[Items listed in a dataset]
[Start of section]

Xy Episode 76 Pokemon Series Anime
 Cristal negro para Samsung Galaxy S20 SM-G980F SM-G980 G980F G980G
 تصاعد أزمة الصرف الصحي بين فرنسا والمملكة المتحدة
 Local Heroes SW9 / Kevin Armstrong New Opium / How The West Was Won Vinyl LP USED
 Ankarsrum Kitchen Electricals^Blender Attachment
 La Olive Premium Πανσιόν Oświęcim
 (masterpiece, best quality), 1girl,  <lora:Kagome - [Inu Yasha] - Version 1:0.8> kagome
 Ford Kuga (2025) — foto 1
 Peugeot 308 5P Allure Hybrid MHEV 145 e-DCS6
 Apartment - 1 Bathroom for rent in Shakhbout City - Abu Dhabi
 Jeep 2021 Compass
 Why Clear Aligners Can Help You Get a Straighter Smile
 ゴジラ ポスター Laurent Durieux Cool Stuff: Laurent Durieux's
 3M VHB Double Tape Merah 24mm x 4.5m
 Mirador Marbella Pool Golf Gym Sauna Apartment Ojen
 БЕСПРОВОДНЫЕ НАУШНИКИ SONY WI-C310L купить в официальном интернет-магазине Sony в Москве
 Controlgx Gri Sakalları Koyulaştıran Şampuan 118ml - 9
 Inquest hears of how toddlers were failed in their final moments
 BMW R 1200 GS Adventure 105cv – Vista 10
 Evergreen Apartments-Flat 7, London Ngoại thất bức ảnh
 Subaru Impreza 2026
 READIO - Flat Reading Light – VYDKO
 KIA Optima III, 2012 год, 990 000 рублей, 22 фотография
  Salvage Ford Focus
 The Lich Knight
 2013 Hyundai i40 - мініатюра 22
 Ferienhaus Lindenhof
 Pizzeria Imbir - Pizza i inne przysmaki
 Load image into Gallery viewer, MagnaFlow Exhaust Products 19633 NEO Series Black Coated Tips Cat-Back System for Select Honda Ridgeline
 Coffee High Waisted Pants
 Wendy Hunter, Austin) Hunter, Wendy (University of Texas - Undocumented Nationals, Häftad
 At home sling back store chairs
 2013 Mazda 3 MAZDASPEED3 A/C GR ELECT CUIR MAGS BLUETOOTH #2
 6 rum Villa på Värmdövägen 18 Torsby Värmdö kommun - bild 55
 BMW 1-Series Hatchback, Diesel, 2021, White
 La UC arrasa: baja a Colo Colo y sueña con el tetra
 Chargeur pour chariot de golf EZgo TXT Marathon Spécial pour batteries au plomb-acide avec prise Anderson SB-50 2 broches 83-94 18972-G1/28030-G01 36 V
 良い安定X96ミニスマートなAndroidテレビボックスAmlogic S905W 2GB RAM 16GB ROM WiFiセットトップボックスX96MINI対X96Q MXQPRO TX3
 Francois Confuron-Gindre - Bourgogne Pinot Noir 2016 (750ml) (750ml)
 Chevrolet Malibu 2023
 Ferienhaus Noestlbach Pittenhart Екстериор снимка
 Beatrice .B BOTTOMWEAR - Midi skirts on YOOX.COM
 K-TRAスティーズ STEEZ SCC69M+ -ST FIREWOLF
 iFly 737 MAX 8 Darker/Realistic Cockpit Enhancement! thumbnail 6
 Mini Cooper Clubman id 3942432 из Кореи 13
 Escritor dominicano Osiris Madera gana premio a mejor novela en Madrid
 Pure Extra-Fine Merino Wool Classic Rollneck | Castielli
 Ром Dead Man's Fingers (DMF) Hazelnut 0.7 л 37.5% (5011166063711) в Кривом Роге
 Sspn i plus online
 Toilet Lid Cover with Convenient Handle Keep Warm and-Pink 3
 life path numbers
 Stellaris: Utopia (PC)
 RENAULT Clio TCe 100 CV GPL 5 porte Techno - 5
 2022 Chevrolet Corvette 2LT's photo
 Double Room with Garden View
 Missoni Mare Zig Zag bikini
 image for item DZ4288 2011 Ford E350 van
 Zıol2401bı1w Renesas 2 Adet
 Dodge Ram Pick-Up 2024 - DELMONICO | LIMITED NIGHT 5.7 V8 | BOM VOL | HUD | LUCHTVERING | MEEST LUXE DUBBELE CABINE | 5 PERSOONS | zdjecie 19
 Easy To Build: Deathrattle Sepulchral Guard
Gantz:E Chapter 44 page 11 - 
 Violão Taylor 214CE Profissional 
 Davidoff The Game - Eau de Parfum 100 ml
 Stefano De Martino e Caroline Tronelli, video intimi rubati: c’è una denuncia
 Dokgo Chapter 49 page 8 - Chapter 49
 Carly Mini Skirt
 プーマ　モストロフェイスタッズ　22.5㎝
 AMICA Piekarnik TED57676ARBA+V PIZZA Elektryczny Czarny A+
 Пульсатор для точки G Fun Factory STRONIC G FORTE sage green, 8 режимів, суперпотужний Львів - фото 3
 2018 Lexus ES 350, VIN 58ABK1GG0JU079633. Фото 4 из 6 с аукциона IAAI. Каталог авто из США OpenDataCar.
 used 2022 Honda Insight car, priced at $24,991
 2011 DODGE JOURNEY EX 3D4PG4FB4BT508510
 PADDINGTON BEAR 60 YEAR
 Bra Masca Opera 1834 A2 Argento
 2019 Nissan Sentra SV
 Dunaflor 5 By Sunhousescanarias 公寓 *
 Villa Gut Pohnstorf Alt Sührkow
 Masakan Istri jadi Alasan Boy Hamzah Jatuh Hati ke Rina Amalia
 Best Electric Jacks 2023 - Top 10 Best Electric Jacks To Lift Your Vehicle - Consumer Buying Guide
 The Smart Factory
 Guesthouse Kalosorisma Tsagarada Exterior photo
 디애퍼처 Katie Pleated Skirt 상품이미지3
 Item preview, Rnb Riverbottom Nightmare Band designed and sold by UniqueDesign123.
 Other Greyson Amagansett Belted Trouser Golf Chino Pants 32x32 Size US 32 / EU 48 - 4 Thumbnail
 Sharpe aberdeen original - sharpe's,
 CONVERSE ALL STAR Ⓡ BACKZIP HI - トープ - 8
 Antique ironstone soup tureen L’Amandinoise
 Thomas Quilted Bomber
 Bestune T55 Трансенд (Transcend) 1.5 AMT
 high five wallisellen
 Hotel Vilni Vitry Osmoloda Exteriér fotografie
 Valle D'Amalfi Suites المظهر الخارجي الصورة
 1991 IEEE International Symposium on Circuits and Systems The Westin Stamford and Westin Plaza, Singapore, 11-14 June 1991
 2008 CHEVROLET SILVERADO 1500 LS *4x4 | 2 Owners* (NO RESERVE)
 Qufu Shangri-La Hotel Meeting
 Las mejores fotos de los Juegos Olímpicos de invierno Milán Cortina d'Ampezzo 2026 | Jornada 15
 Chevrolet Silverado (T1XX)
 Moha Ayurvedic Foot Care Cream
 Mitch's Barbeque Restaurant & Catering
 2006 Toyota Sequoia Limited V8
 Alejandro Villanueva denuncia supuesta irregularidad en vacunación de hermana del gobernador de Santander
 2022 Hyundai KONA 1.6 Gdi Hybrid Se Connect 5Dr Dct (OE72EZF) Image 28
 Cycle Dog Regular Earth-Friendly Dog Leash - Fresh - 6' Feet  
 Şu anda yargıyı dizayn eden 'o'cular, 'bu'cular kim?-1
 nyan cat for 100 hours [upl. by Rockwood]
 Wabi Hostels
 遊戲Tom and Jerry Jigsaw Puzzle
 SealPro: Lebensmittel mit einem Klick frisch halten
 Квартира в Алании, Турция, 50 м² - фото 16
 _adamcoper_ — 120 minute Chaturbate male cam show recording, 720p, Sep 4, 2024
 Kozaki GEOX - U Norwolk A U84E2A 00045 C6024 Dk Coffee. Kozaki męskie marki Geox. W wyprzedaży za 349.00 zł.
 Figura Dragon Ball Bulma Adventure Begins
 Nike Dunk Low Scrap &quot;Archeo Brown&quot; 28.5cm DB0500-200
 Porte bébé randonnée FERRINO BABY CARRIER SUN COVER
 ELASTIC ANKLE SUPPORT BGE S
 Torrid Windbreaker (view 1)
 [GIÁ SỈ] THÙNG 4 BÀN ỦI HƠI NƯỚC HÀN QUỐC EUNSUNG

[End of section]

EXERCISE INSTRUCTIONS -> The answer is the run of lines above from the line containing "Wendy Hunter, Austin)" through the line containing "Ferienhaus Noestlbach Pittenhart", copied exactly and alone.

TASK RESPONSE ->
 Wendy Hunter, Austin) Hunter, Wendy (University of Texas - Undocumented Nationals, Häftad
 At home sling back store chairs
 2013 Mazda 3 MAZDASPEED3 A/C GR ELECT CUIR MAGS BLUETOOTH #2
 6 rum Villa på Värmdövägen 18 Torsby Värmdö kommun - bild 55
 BMW 1-Series Hatchback, Diesel, 2021, White
 La UC arrasa: baja a Colo Colo y sueña con el tetra
 Chargeur pour chariot de golf EZgo TXT Marathon Spécial pour batteries au plomb-acide avec prise Anderson SB-50 2 broches 83-94 18972-G1/28030-G01 36 V
 良い安定X96ミニスマートなAndroidテレビボックスAmlogic S905W 2GB RAM 16GB ROM WiFiセットトップボックスX96MINI対X96Q MXQPRO TX3
 Francois Confuron-Gindre - Bourgogne Pinot Noir 2016 (750ml) (750ml)
 Chevrolet Malibu 2023
 Ferienhaus Noestlbach Pittenhart Екстериор снимка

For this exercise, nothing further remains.